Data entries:
◆ ◆ ◆ ◆ ◆ ◆ ◆
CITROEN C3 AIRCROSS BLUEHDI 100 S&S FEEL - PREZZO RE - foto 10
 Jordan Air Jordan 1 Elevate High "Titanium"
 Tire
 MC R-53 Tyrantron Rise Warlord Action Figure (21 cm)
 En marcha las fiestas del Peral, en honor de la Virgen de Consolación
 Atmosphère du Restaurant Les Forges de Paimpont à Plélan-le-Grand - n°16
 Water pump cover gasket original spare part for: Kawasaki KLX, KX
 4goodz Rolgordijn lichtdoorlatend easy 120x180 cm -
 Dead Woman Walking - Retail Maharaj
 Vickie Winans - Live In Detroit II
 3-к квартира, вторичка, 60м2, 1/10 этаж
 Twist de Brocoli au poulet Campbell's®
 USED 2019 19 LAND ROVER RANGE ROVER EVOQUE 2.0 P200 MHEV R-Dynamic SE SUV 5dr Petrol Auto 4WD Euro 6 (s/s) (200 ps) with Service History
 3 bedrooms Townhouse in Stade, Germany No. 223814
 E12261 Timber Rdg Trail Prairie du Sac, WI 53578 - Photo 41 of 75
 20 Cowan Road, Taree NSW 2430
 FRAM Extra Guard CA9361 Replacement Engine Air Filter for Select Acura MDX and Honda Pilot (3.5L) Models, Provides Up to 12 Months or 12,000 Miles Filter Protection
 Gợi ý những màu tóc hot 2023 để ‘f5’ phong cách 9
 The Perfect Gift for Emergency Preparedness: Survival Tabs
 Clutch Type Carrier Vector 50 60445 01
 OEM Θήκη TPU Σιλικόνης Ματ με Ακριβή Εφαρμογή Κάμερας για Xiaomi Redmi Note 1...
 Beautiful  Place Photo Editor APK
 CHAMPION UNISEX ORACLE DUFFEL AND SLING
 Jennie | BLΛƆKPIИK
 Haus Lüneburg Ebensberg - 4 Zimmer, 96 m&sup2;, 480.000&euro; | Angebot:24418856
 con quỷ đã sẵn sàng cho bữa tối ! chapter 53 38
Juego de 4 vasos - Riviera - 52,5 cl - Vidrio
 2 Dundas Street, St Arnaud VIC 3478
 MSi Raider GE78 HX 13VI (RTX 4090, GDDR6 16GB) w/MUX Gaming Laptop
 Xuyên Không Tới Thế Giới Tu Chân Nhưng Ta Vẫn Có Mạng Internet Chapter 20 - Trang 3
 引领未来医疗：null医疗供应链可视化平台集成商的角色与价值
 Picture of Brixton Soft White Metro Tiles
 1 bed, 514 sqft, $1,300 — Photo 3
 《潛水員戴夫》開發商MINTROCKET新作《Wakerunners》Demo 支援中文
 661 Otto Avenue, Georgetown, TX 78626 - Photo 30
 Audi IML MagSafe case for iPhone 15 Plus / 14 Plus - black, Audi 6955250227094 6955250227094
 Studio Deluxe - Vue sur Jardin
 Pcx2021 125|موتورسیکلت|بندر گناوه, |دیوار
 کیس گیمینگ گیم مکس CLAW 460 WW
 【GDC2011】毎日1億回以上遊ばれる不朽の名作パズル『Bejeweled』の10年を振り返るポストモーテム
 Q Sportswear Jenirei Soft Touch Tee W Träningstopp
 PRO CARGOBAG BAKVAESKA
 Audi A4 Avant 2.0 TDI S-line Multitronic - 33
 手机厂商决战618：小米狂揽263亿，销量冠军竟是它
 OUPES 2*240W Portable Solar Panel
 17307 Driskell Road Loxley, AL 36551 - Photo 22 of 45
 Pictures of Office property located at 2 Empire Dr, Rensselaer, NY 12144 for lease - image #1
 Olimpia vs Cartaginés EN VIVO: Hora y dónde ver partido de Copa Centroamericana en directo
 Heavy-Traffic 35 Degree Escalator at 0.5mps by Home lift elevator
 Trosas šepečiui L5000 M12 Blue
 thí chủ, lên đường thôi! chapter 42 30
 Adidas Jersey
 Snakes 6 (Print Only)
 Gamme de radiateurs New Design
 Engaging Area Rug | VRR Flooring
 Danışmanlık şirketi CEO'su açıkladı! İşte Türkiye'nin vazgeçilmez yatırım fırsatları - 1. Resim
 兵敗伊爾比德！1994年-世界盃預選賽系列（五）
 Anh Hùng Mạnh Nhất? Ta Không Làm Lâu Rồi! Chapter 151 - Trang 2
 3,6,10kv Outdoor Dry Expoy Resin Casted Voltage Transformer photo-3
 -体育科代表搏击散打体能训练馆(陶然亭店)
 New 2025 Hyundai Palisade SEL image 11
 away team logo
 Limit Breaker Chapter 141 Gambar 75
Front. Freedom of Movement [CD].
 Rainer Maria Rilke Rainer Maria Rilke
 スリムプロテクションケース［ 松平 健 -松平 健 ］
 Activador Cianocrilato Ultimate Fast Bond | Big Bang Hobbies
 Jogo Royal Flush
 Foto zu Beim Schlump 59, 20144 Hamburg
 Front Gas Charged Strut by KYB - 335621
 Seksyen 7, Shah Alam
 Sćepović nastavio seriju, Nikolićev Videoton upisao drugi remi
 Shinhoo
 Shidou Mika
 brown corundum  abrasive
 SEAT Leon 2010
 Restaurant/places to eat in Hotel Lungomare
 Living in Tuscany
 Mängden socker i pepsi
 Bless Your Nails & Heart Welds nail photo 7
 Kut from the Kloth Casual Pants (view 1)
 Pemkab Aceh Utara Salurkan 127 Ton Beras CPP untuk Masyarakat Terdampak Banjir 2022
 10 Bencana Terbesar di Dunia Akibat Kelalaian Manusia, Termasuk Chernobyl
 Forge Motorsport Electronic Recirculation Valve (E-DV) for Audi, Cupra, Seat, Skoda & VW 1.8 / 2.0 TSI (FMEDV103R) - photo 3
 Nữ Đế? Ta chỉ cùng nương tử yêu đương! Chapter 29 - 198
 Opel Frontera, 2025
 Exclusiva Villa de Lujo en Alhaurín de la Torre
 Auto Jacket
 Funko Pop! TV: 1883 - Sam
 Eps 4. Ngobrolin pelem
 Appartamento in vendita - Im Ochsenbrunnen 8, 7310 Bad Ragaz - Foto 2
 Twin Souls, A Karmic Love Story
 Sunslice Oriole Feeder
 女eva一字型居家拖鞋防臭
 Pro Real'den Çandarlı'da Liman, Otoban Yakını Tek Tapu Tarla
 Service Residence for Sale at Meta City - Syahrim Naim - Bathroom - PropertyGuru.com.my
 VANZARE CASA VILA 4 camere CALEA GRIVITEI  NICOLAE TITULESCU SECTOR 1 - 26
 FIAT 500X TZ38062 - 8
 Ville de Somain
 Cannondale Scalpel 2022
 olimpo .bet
◆ ◆ ◆ ◆ ◆ ◆ ◆
In full and exactly as written, repeat the data.

CITROEN C3 AIRCROSS BLUEHDI 100 S&S FEEL - PREZZO RE - foto 10
 Jordan Air Jordan 1 Elevate High "Titanium"
 Tire
 MC R-53 Tyrantron Rise Warlord Action Figure (21 cm)
 En marcha las fiestas del Peral, en honor de la Virgen de Consolación
 Atmosphère du Restaurant Les Forges de Paimpont à Plélan-le-Grand - n°16
 Water pump cover gasket original spare part for: Kawasaki KLX, KX
 4goodz Rolgordijn lichtdoorlatend easy 120x180 cm -
 Dead Woman Walking - Retail Maharaj
 Vickie Winans - Live In Detroit II
 3-к квартира, вторичка, 60м2, 1/10 этаж
 Twist de Brocoli au poulet Campbell's®
 USED 2019 19 LAND ROVER RANGE ROVER EVOQUE 2.0 P200 MHEV R-Dynamic SE SUV 5dr Petrol Auto 4WD Euro 6 (s/s) (200 ps) with Service History
 3 bedrooms Townhouse in Stade, Germany No. 223814
 E12261 Timber Rdg Trail Prairie du Sac, WI 53578 - Photo 41 of 75
 20 Cowan Road, Taree NSW 2430
 FRAM Extra Guard CA9361 Replacement Engine Air Filter for Select Acura MDX and Honda Pilot (3.5L) Models, Provides Up to 12 Months or 12,000 Miles Filter Protection
 Gợi ý những màu tóc hot 2023 để ‘f5’ phong cách 9
 The Perfect Gift for Emergency Preparedness: Survival Tabs
 Clutch Type Carrier Vector 50 60445 01
 OEM Θήκη TPU Σιλικόνης Ματ με Ακριβή Εφαρμογή Κάμερας για Xiaomi Redmi Note 1...
 Beautiful  Place Photo Editor APK
 CHAMPION UNISEX ORACLE DUFFEL AND SLING
 Jennie | BLΛƆKPIИK
 Haus Lüneburg Ebensberg - 4 Zimmer, 96 m&sup2;, 480.000&euro; | Angebot:24418856
 con quỷ đã sẵn sàng cho bữa tối ! chapter 53 38
Juego de 4 vasos - Riviera - 52,5 cl - Vidrio
 2 Dundas Street, St Arnaud VIC 3478
 MSi Raider GE78 HX 13VI (RTX 4090, GDDR6 16GB) w/MUX Gaming Laptop
 Xuyên Không Tới Thế Giới Tu Chân Nhưng Ta Vẫn Có Mạng Internet Chapter 20 - Trang 3
 引领未来医疗：null医疗供应链可视化平台集成商的角色与价值
 Picture of Brixton Soft White Metro Tiles
 1 bed, 514 sqft, $1,300 — Photo 3
 《潛水員戴夫》開發商MINTROCKET新作《Wakerunners》Demo 支援中文
 661 Otto Avenue, Georgetown, TX 78626 - Photo 30
 Audi IML MagSafe case for iPhone 15 Plus / 14 Plus - black, Audi 6955250227094 6955250227094
 Studio Deluxe - Vue sur Jardin
 Pcx2021 125|موتورسیکلت|بندر گناوه, |دیوار
 کیس گیمینگ گیم مکس CLAW 460 WW
 【GDC2011】毎日1億回以上遊ばれる不朽の名作パズル『Bejeweled』の10年を振り返るポストモーテム
 Q Sportswear Jenirei Soft Touch Tee W Träningstopp
 PRO CARGOBAG BAKVAESKA
 Audi A4 Avant 2.0 TDI S-line Multitronic - 33
 手机厂商决战618：小米狂揽263亿，销量冠军竟是它
 OUPES 2*240W Portable Solar Panel
 17307 Driskell Road Loxley, AL 36551 - Photo 22 of 45
 Pictures of Office property located at 2 Empire Dr, Rensselaer, NY 12144 for lease - image #1
 Olimpia vs Cartaginés EN VIVO: Hora y dónde ver partido de Copa Centroamericana en directo
 Heavy-Traffic 35 Degree Escalator at 0.5mps by Home lift elevator
 Trosas šepečiui L5000 M12 Blue
 thí chủ, lên đường thôi! chapter 42 30
 Adidas Jersey
 Snakes 6 (Print Only)
 Gamme de radiateurs New Design
 Engaging Area Rug | VRR Flooring
 Danışmanlık şirketi CEO'su açıkladı! İşte Türkiye'nin vazgeçilmez yatırım fırsatları - 1. Resim
 兵敗伊爾比德！1994年-世界盃預選賽系列（五）
 Anh Hùng Mạnh Nhất? Ta Không Làm Lâu Rồi! Chapter 151 - Trang 2
 3,6,10kv Outdoor Dry Expoy Resin Casted Voltage Transformer photo-3
 -体育科代表搏击散打体能训练馆(陶然亭店)
 New 2025 Hyundai Palisade SEL image 11
 away team logo
 Limit Breaker Chapter 141 Gambar 75
Front. Freedom of Movement [CD].
 Rainer Maria Rilke Rainer Maria Rilke
 スリムプロテクションケース［ 松平 健 -松平 健 ］
 Activador Cianocrilato Ultimate Fast Bond | Big Bang Hobbies
 Jogo Royal Flush
 Foto zu Beim Schlump 59, 20144 Hamburg
 Front Gas Charged Strut by KYB - 335621
 Seksyen 7, Shah Alam
 Sćepović nastavio seriju, Nikolićev Videoton upisao drugi remi
 Shinhoo
 Shidou Mika
 brown corundum  abrasive
 SEAT Leon 2010
 Restaurant/places to eat in Hotel Lungomare
 Living in Tuscany
 Mängden socker i pepsi
 Bless Your Nails & Heart Welds nail photo 7
 Kut from the Kloth Casual Pants (view 1)
 Pemkab Aceh Utara Salurkan 127 Ton Beras CPP untuk Masyarakat Terdampak Banjir 2022
 10 Bencana Terbesar di Dunia Akibat Kelalaian Manusia, Termasuk Chernobyl
 Forge Motorsport Electronic Recirculation Valve (E-DV) for Audi, Cupra, Seat, Skoda & VW 1.8 / 2.0 TSI (FMEDV103R) - photo 3
 Nữ Đế? Ta chỉ cùng nương tử yêu đương! Chapter 29 - 198
 Opel Frontera, 2025
 Exclusiva Villa de Lujo en Alhaurín de la Torre
 Auto Jacket
 Funko Pop! TV: 1883 - Sam
 Eps 4. Ngobrolin pelem
 Appartamento in vendita - Im Ochsenbrunnen 8, 7310 Bad Ragaz - Foto 2
 Twin Souls, A Karmic Love Story
 Sunslice Oriole Feeder
 女eva一字型居家拖鞋防臭
 Pro Real'den Çandarlı'da Liman, Otoban Yakını Tek Tapu Tarla
 Service Residence for Sale at Meta City - Syahrim Naim - Bathroom - PropertyGuru.com.my
 VANZARE CASA VILA 4 camere CALEA GRIVITEI  NICOLAE TITULESCU SECTOR 1 - 26
 FIAT 500X TZ38062 - 8
 Ville de Somain
 Cannondale Scalpel 2022
 olimpo .bet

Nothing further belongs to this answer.